Suivie par près de 800 prisonniers, cette grève de la faim avait trouvé une issue favorable après 41 jours de combat.

Le rétablissement de deux visites mensuelles pour les proches des détenus, acté lors de négociations entre l’administration pénitentiaire et les prisonniers, avec la médiation du Comité international de la Croix-Rouge (CICR), avait alors sonné comme une victoire politique pour les Palestiniens.

« Tout s’était débloqué en quelques heures », se souvient Qadura Farès.

Ouverture de nouvelles négociations

Les mobilisations de soutien aux prisonniers sont souvent vectrices de tensions entre Palestiniens et forces israéliennes, particulièrement en Cisjordanie.

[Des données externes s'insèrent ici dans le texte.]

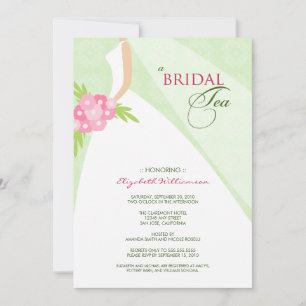 Wedding Dress Bridal Tea Invitation (green)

« Je ne l’ai pas vu depuis dix mois. Je ne parviens plus à dormir. Observer une grève de la faim, c’est se laisser mourir à petit feu. S’il lui arrivait quelque chose, alors je n’aurais plus de raison de continuer à vivre »

- Wafa, mère de détenu

Ce fut le cas, avant même que les prisonniers ne débutent leur grève de la faim, le mercredi 27 mars, lorsque plusieurs Palestiniens qui manifestaient contre les mesures de détention en Israël ont été blessés lors d’affrontements avec des soldats israéliens à al-Bireh, une ville adjacente à Ramallah.

Pour la porte-parole du Club des prisonniers palestiniens, l’enjeu est également politique en Israël : « Sur la question pénitentiaire, les autorités israéliennes ont légiféré à neuf reprises en deux ans. Le ministre israélien de la Sécurité interne, Guilad Erdan, a d’ailleurs utilisé cet enjeu afin de de se garantir une bonne place au sein du Likoud. »

Alors que les négociations entamées ces derniers jours n’ont pour l’heure pas trouvé d’issue favorable, les détenus entendent bien exercer une pression constante sur l’État d’Israël dans les jours à venir. Jeudi 11 avril, une nouvelle vague de prisonniers rejoignait le mouvement de grève de la faim ; samedi 13 avril, vingt-cinq d’entre eux entameront en outre une grève de la soif.

Si aucune solution n’est trouvée, le Club des prisonniers palestiniens annonce un grand rassemblement à l’occasion de la Journée de solidarité avec les prisonniers palestiniens, le mercredi 17 avril, lors de laquelle plusieurs centaines de prisonniers devraient rejoindre le mouvement de grève.

Une activiste Palestinienne transportée à l’intérieur d’un véhicule de la police israélienne près de Tel Aviv, en juin 2010 (AFP)
Une activiste Palestinienne transportée à l’intérieur d’un véhicule de la police israélienne près de Tel Aviv, en juin 2010 (AFP)

« Il y a en ce moment des négociations à deux niveaux : d’un côté, entre les différentes factions palestiniennes et l’État d’Israël, et de l’autre, des pourparlers directs entre les prisonniers et l’administration pénitentiaire israélienne », explique à MEE Qadura Fares.

« Nous espérons trouver un consensus dans un délai court, certains éléments nous poussent à croire que ces négociations peuvent aboutir rapidement. »

En attendant, tous et toutes le promettent : la mobilisation dans les rues palestiniennes ne fera que s’amplifier dans l’attente d’une solution.

« Tant que la grève de la faim se poursuivra, nous serons de plus en plus nombreux. Nous allons suivre les négociations de près, et nous resterons dans les rues jour et nuit s’il le faut », prévient Rula Abu Duhou.

* Le prénom a été changé à la demande de l’intéressée.